Conventional scripts
There are many conventions used for package JSON scripts which makes it harder to get started in unfamiliar repos. This page suggests a canonical set of scripts to be used for the benefit of humans and coding agents alike.
Example
{
"scripts": {
"dev": "next dev",
"typecheck": "tsc --noEmit",
"lint": "eslint",
"unit": "bun test",
"component": "cypress run --component",
"integration": "start-server-and-test cypress run",
"test": "typecheck && lint && unit && integration",
"build": "next build",
"start": "next start"
}
}
Scripts
dev
Starts dev server.
typecheck
Static type checking
lint
Static code quality checking
unit
These tests should run very quickly to provide the tightest feedback loop possible every time you save. They should therefore stub all I/O.
Suggested tools: Bun test ideally. Avoid Jest if you can, cold start time is far too long.
component
Component tests are just unit tests for UI components. However in contrast to unit tests of vanilla JS/TS modules they are usually developed with the aid of over tools to provide visual information whether this be a fake DOM or an actual browser. Either way the methodology and performance characteristics are different and so these unit tests should be run separately.
Suggested tools: Cypress, Storybook.
integration
These tests aim to be more live-like and do not need to stub I/O. They should intentionally trade-off speed to provide confidence the right thing is being shipped.
Suggested tools: Cypress, Playwright.
test
Runs whatever other scripts it needs to check the package is production ready. If this exits 0 then you can push.
build
Produces a deployable optimised for production. Often involves minification, transpilation, and bundling.
start
Runs the production build.
FAQ
# What no e2e script?
The meaning of end-to-end is ambiguous and e2e looks ugly. Unit vs integration is the only helpful distinction IMO.

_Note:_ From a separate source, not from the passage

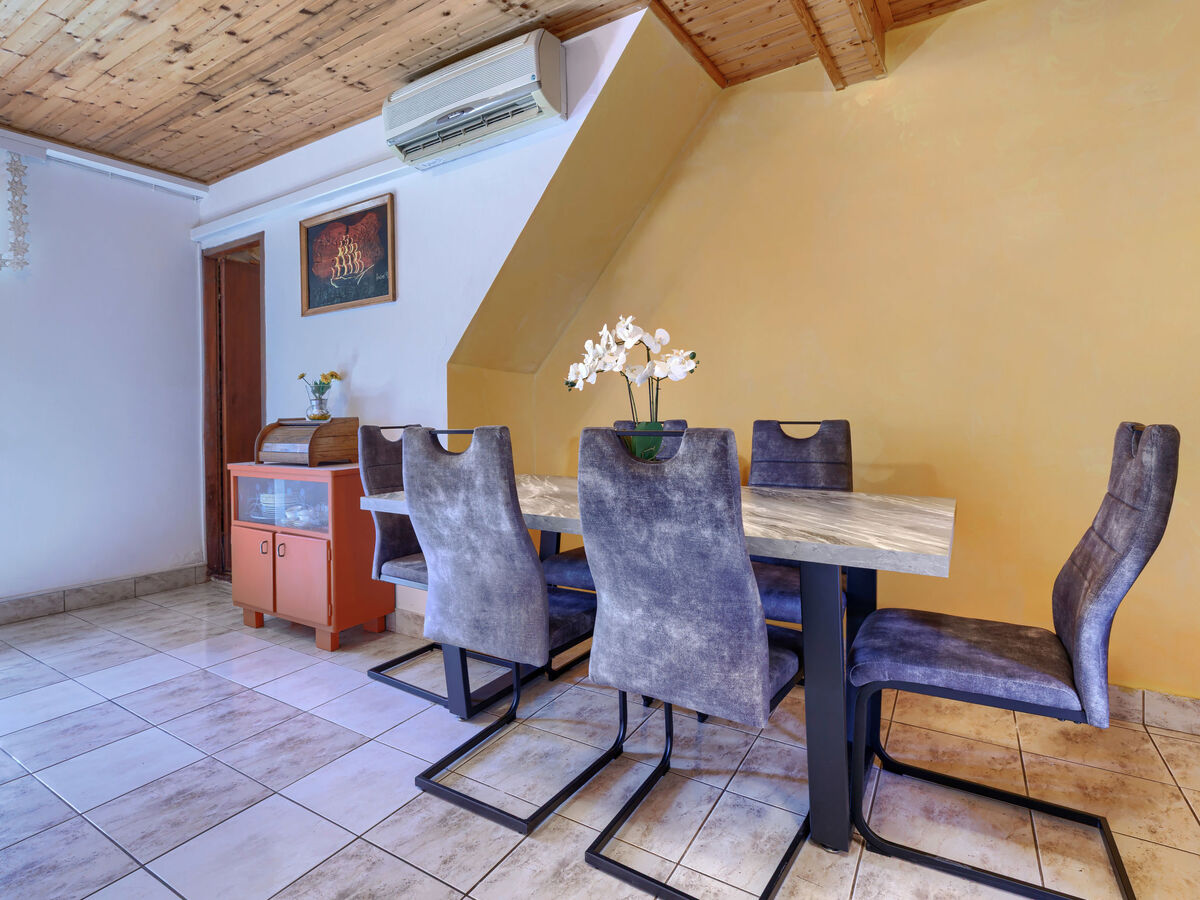 Maison Pinezici 6 pers. avec piscine près de Pula - Photo 17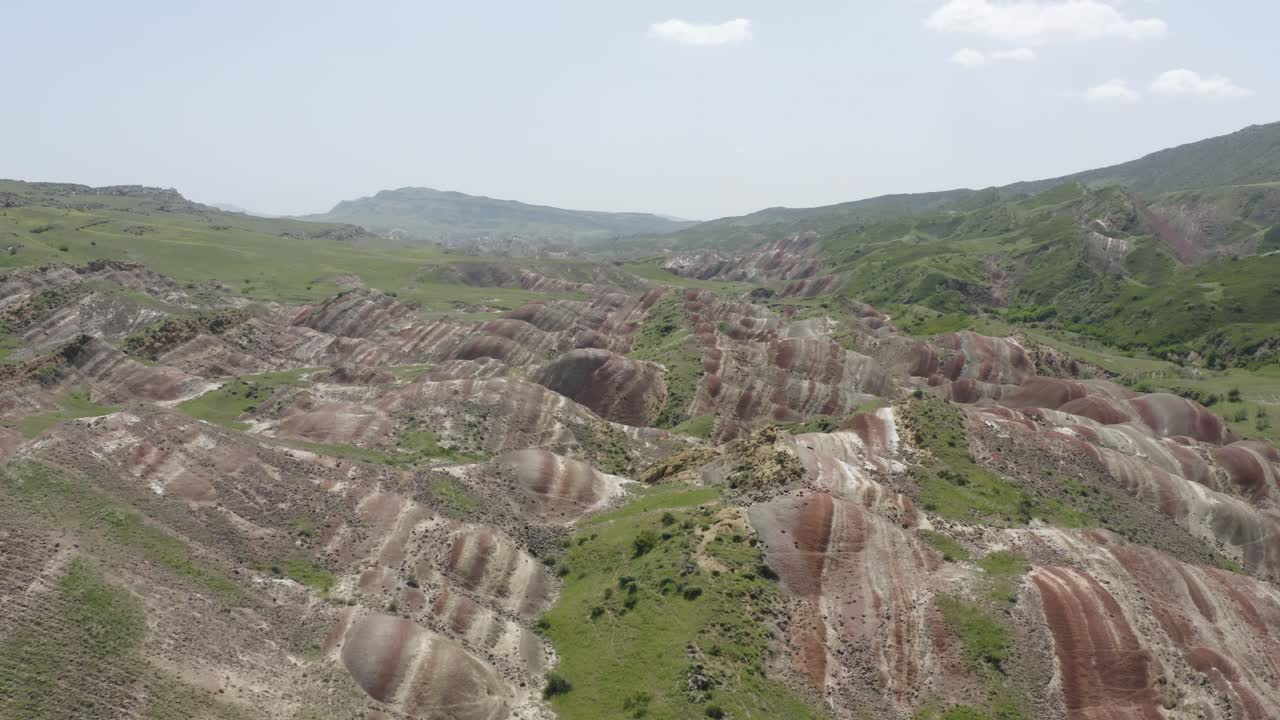 vista aérea sobre el colorido paisaje de montañas de roca de piedra mineral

Why not have scripts like test:unit and start:dev?
They take too long to type and look ugly.
What about other scripts?
There will undoubtedly be other scripts specific to your package, these should go in a top-level scripts folder.
You could add everything to the package JSON scripts but that's maintenance burden. It also creates an unclear division of responsibilities.
So reserve package JSON just for these canonical scripts.